Have we all experienced this type of unrequited love? I’m not sure, but we’re all too familiar with the “let’s just be friends” talk. I’m not going to go into the bittersweet irony in it or the fact that it stings like nothing else. I’m here to explain that it doesn’t have to be the end of a potential relationship, but it can be the beginning of an honest friendship. Yes, I’m here to tell you that it’s possible to do and quite rewarding.

But you might say, “Guys and girls can’t just be friends – they can’t!” Yes, they can! How many of you have friends of the opposite sex? Most of us do and, in fact, I’ve found that friendship with a guy is often less stressful and taxing than one with a girl for me. In my experience, girl friends tend to expect more social etiquette – calling them to talk often, to catch up, and nagging when it doesn’t happen, gossip, and the ugly occasional backstabbing if some drama is stirred up, etc., nearly all of which I either don’t have time for or often don’t wish to participate in. 

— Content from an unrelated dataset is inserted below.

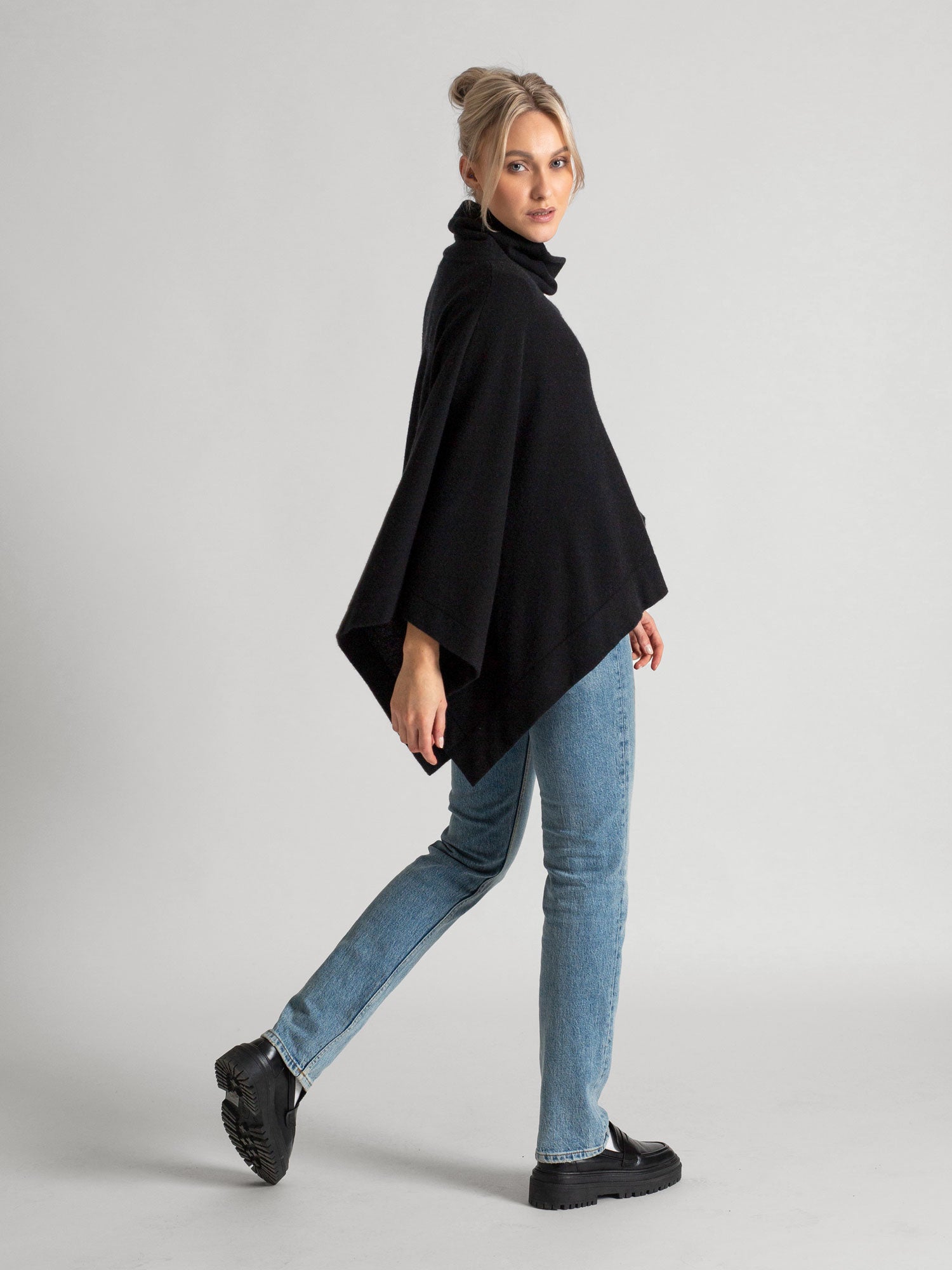 Black 2024 cashmere poncho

I say save the drama for the big screen and come back down to earth where you’ll find me engaging in intelligent and oftentimes comical conversation with people who actually value my time and effort to establish and maintain a friendship with them. Yes, most of these people are men whose paths have crossed with mine sometime in the past for whatever reason. And it isn’t just the funny conversations that keep me in these friendships – it’s the highly interesting and deep, often philosophical-like talks that we share that I find to be the most fascinating and rewarding. 

It’s always interesting to see life from a different viewpoint, and it enriches your own understanding in such a unique way to increase your empathy and love for others. I have found some of the best of friends through these means and by being mature enough to get over unrequited love and see an opportunity for growth and development, I have come to know some incredible souls who continue to motivate and inspire me to better myself through this journey we call life.

I highly urge you to think twice the next time you hear “just friends” in the voice of someone you were thinking of dating. Think of the potential there to learn and grow from another’s experiences and perspective. Take a serious stab at being real friends and reap the rewards!